Na calculadora de Leite, o México deve fechar dezembro com saldo acumulado de 1,6 milhão de toneladas importadas de PE. A Braskem Idesa, insere o diretor, já responde pelo grosso desse volume. “Em três anos de pré-marketing da nossa produção, nos tornamos o maior importador local da resina”. O material foi trazido de plantas internacionais licenciadas com as mesmas tecnologias em campo em Nanchital: Ineos-Innovene S para PEAD e, para PEBD, o processo tubular Lupotech T, da LyondellBasell. Num rasante pela demanda, Leite arredonda em 500 indústrias o universo de transformadores mexicanos de PE e a Braskem venderá diretamente para 350 deles. “O varejo deve mobilizar perto de 15% do total das nossas vendas internas”, ele demarca. Para marcar de perto esse reduto de transformadores de menor porte, abre o diretor, foi armada uma rede com cinco distribuidores autorizados: Polymax, Don Ramis-Syrus, Mafra-Osterman, Insumos Internacionales e Solquim-M.Holland. Leite conta ter convidado distribuidores do Brasil para atuar no México, mas não houve interesse. Por ora, o único transformador brasileiro atraído pela Braskem Idesa é Alfredo Schmitt, que investiu em unidade vizinha ao complexo para muní-lo de sacaria lisa (ver à página 12).
Acionista minoritário (25%) do complexo veracruzano, o grupo mexicano Idesa, com nome feito no setor químico, não teve sua distribuidora integrada ao time de agentes da Braskem-Idesa. “Seu foco está fora da comercialização de termoplásticos”, justifica Leite. A propósito, Carlos Fadigas sublinha que a Idesa nada tem de sócio ausente do negócio, pois participa diretamente de sua gestão.

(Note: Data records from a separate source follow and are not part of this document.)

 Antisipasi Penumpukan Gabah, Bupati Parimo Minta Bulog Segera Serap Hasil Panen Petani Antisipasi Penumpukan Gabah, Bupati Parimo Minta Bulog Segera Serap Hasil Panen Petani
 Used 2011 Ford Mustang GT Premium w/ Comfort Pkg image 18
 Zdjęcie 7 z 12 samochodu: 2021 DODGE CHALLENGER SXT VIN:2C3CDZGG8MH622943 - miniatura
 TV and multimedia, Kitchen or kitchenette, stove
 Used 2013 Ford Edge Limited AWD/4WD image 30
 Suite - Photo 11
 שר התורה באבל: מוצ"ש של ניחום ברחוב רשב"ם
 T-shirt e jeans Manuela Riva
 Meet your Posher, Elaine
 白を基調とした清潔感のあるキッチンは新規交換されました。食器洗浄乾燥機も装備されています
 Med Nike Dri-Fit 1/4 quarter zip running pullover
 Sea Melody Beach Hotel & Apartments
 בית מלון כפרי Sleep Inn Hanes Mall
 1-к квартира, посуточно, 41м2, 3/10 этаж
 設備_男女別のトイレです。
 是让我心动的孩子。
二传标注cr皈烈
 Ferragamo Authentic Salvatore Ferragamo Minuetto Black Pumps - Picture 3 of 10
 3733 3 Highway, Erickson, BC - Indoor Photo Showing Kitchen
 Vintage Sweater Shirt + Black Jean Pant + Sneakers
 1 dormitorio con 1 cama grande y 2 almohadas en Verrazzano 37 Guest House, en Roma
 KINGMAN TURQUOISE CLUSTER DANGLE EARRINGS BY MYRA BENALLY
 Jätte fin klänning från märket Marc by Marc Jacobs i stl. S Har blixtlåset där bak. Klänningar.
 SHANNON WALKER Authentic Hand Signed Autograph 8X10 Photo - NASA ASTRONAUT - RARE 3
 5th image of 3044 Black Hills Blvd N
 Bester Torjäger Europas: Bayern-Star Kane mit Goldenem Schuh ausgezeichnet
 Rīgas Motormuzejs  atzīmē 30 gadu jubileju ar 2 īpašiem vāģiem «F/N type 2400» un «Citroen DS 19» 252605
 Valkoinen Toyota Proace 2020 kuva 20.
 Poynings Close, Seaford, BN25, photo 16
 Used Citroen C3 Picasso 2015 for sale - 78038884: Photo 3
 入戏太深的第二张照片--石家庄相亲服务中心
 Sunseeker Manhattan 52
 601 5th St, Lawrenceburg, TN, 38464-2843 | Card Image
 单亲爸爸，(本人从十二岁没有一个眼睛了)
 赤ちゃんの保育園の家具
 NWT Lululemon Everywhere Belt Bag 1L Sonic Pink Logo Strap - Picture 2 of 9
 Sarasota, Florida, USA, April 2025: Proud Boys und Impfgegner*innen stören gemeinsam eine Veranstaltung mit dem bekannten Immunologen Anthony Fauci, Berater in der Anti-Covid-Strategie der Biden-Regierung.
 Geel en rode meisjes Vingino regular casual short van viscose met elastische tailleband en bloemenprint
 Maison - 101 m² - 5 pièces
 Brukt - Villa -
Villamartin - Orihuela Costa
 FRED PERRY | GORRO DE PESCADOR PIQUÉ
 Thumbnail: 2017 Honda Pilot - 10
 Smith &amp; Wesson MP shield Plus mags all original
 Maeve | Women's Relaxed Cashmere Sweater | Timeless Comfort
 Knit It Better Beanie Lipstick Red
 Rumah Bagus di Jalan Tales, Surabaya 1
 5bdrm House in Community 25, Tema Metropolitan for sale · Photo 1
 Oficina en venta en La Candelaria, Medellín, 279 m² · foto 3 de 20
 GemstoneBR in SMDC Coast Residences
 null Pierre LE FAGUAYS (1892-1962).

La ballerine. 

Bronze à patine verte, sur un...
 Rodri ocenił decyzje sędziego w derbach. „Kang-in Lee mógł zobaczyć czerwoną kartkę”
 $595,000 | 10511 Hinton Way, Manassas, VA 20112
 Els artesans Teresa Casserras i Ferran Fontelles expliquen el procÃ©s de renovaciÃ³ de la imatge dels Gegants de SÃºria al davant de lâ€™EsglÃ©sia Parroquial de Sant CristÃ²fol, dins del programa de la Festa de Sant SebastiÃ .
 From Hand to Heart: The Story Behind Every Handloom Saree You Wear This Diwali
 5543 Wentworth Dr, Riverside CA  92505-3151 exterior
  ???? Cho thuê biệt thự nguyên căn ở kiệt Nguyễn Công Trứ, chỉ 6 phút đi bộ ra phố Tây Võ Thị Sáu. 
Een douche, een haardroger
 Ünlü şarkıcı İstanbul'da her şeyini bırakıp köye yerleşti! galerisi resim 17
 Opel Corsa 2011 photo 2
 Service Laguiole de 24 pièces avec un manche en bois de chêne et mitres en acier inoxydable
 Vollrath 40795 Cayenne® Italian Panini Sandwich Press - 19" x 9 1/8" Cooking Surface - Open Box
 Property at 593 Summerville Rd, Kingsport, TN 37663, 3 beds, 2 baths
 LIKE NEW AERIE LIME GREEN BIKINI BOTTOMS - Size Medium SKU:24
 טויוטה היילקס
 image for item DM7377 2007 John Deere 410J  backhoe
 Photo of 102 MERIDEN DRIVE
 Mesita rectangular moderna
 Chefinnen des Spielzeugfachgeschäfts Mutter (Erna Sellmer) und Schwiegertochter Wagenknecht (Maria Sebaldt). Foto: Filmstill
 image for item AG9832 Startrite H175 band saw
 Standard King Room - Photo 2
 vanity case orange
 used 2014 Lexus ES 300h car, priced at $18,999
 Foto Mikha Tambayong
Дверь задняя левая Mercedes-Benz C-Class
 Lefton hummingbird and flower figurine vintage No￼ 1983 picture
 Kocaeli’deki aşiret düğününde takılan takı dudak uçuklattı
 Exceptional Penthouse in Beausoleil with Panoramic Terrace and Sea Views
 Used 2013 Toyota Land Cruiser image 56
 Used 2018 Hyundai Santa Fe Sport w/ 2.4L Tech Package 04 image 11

Fadigas, Bischoff e Leite sublinham que a Braskem Idesa não compete com os polietilenos produzidos por sua fonte de etano, a Pemex. O objetivo é aumentar a autonomia mexicana no polímero, demonstrando por extensão a serventia da reforma do setor energético iniciada em 2014 pelo governo Peña Nieto, através da qual a Pemex tem agora sua via de crescimento calcada numa administração empresarial e em alianças com a iniciativa privada. Nessa linha de raciocínio, a limitada capacidade da operação de eteno/PE da estatal acende a ideia de uma junção de forças, em prol dos ganhos em escala e rentabilidade, com a sua cliente Braskem Idesa. “É uma hipótese a considerar”, deixa no ar Juan Marcelo Parizot Murillo, diretor de comercialização da Pemex.